7 thoughts on “Yep, I Did It Again…

    1. Thanks.
      Another .308 in the stable, especially a semi-auto is not a bad thing to have. If nothing else I can use it as a barbell and get some exercise! In all seriousness this is something that has been on the list for a long time and it is good to have it checked off.
      Hopefully, it will be as useful as I anticipate.
      Take care and God bless.

      Liked by 2 people

  1. For us less ‘rich’ people.
    When rabbiting, I often just elastictic strap my £30 digital camera to the eye piece of my 4 x Tasco scope, switch it to night mode, and away I go.
    If there is enough light to see the background, it is generally enough to pick out a furry over 20 meters.

    Whoops, Probably shouldn’t have mentioned the price. 🙂

    Liked by 2 people

    1. That’s an interesting and creative solution. I like it.
      If the DNV scope doesn’t work out maybe I will try that but I wonder how well the camera would handle the recoil of a .308 Winchester. It probably wouldn’t be an issue with .22LR or .223/5.56.
      With that said, most of our hunting is out a bit further than 20 meters. 40-75 yards is the most common range we are shooting while stalking and most of those (at least at night) are closer to the 75 yard mark. When hunting from a stand or blind the distances are more like 75 to 100 yards. We have been using fairly powerful green LED flashlights for a while now and they work pretty well as long as they are held steady and you switch them on pointing upwards and then lower them slowly. The hogs don’t seem to see them. We can’t hunt deer at night in Texas. Rabbits seem to see them pretty well but that could be that they hear us and it isn’t the light. I don’t do much varmint hunting (although I would like to) but I think the light would spook coyotes and raccoons. Coyote hunting is by nature a pretty long distance affair as they spook pretty easily from what I understand.
      Take care and God bless.

      Liked by 2 people

      1. That I can answer.
        When deer hunting a few years ago in Czech-land, when ‘candlelight’ was the best you could get on a digital camera, I shot using a 30 cal Remington and a camera on it.
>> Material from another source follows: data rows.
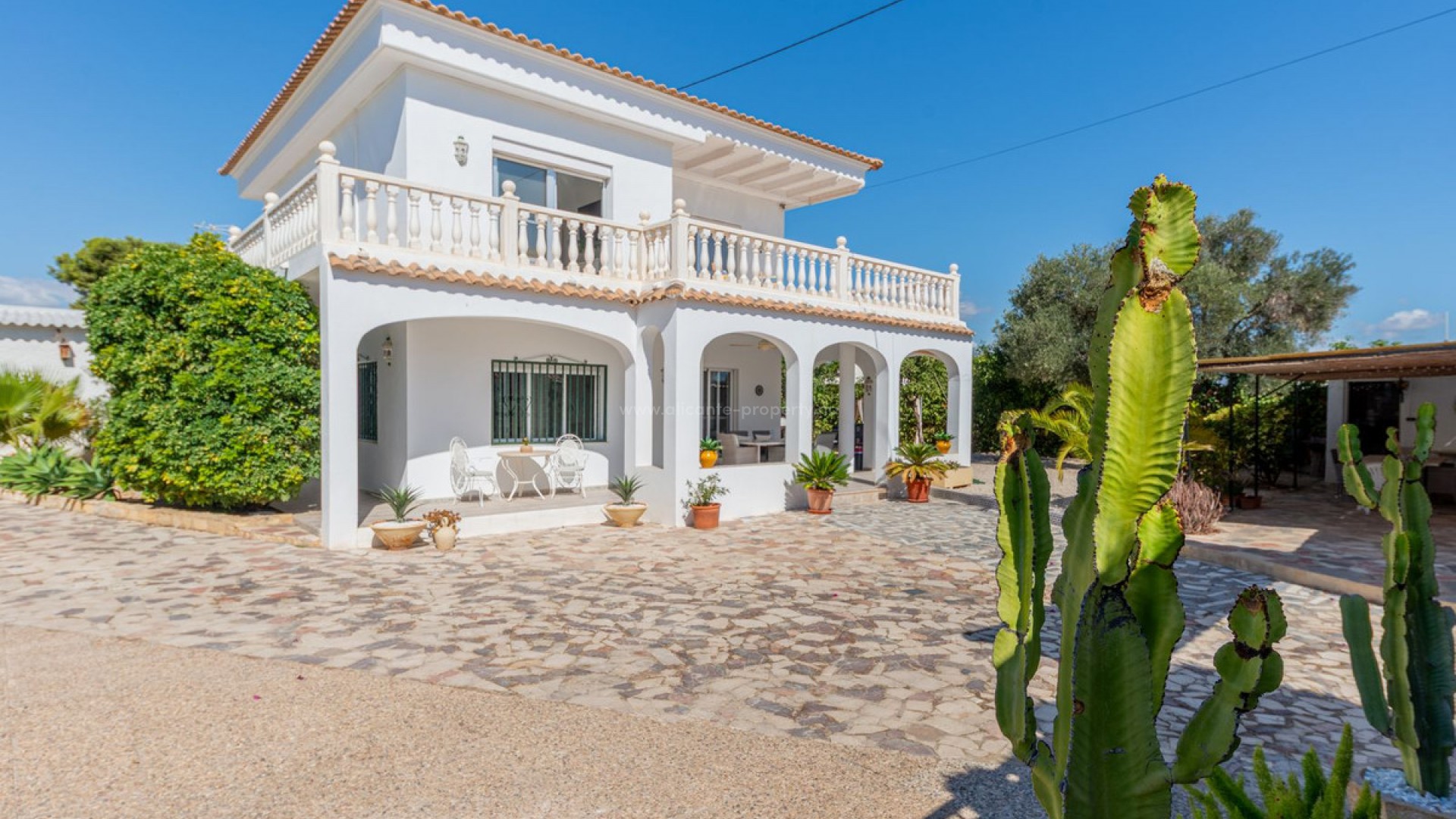 Villa en San Juan de Alicante Centro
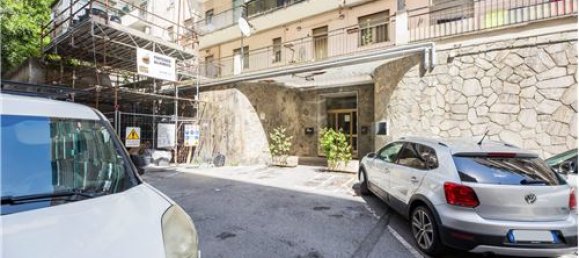 Apartamento de 3 dormitorios en Genoa, Italy No. 279177 18
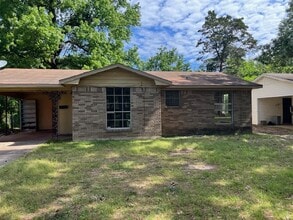 Building Photo - 570 Sally Ann Dr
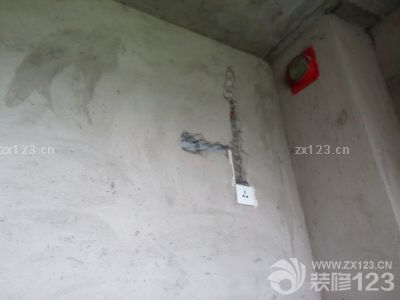 水電工約好開(kāi)始改水電，先是畫(huà)線師傅拿粉筆畫(huà)好位置，給開(kāi)槽的人做標(biāo)記，一天差不多把該開(kāi)槽的地方都開(kāi)好了，雖說(shuō)有的地方還是沒(méi)有按照我們的意思來(lái)，還是勉強(qiáng)接受了。都說(shuō)裝修就是一個(gè)不斷妥協(xié)的過(guò)程，我們家的從改水電開(kāi)始拉開(kāi)帷幕了，靜待后期發(fā)展～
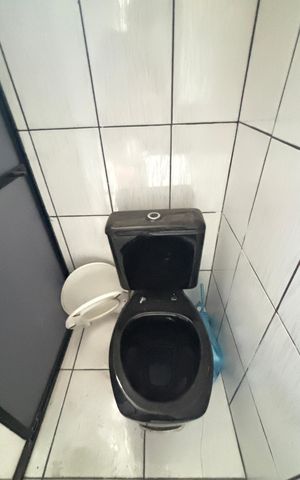 Casa à venda com 38m², 1 quarto e sem vaga Casa à venda com 38m², 1 quarto e sem vagaBanheiro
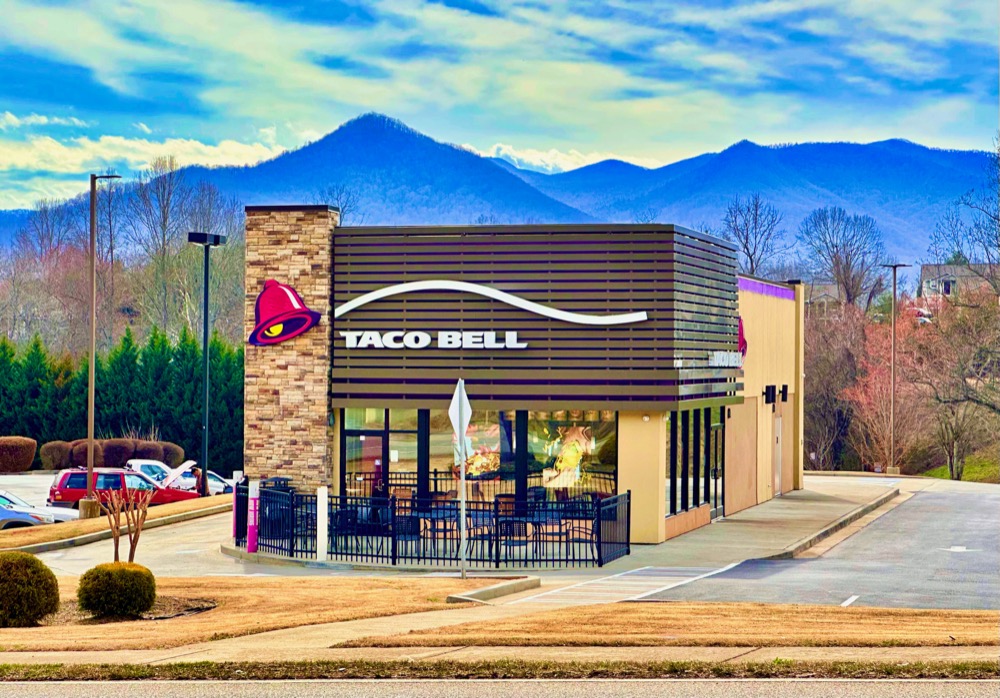 Taco Bell site at 760 E Washington Blvd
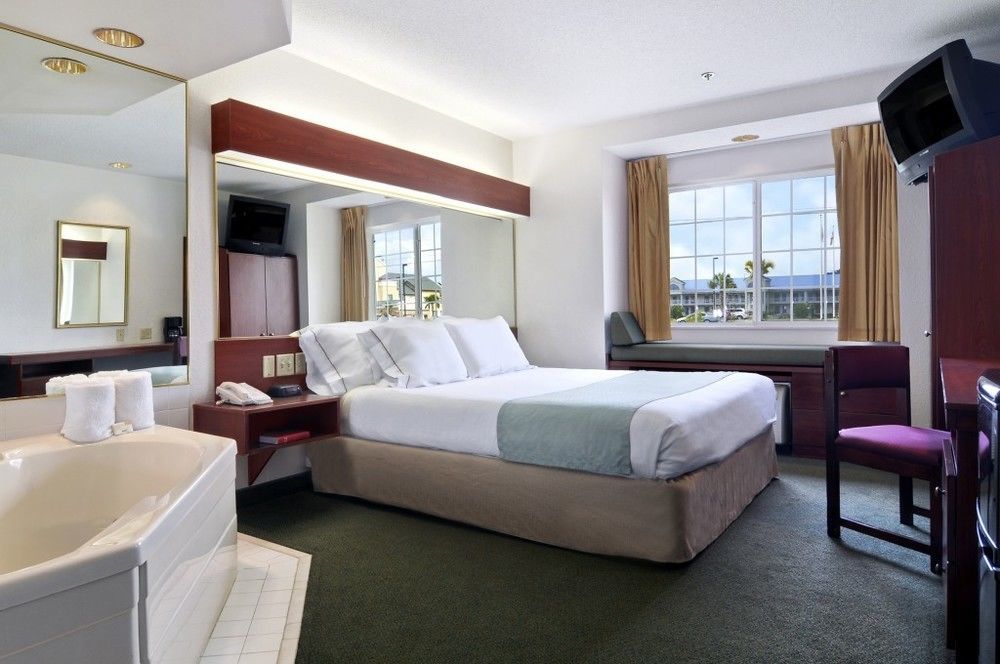Microtel Inn & Suites Marianna Buitenkant foto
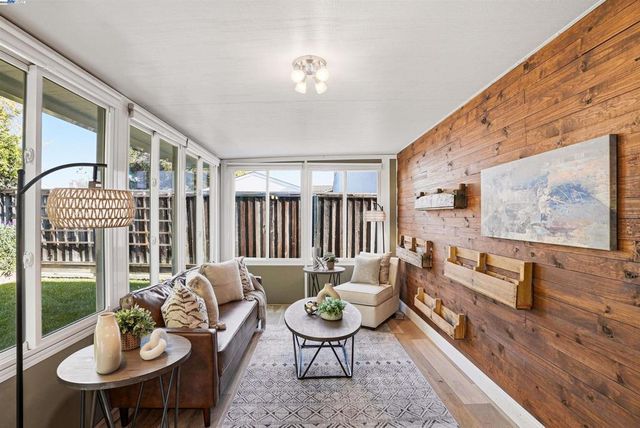 6179 Tourraine Dr, Newark, CA 94560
        Weird and a little surreal. I didn’t like it but work it did.

        OK when the shot went off the picture was a ‘tad’ shaky but it did survive the day.

        For lesser ammo, I know it handles a 223 OK, during pest controlling 22WMR and of course .22 had no problems at all.

        AS for dedicated night vision?
        I own a Gen1 which enabled me to strap a IR laser onto a 22 and

        Liked by 1 person

  2. Whoops, finger slip, sorry.
    I own a Gen1 which enabled me to strap a IR laser onto a 22 and by looking through the NV to put the spot onto the furry. Again it worked but not to my liking.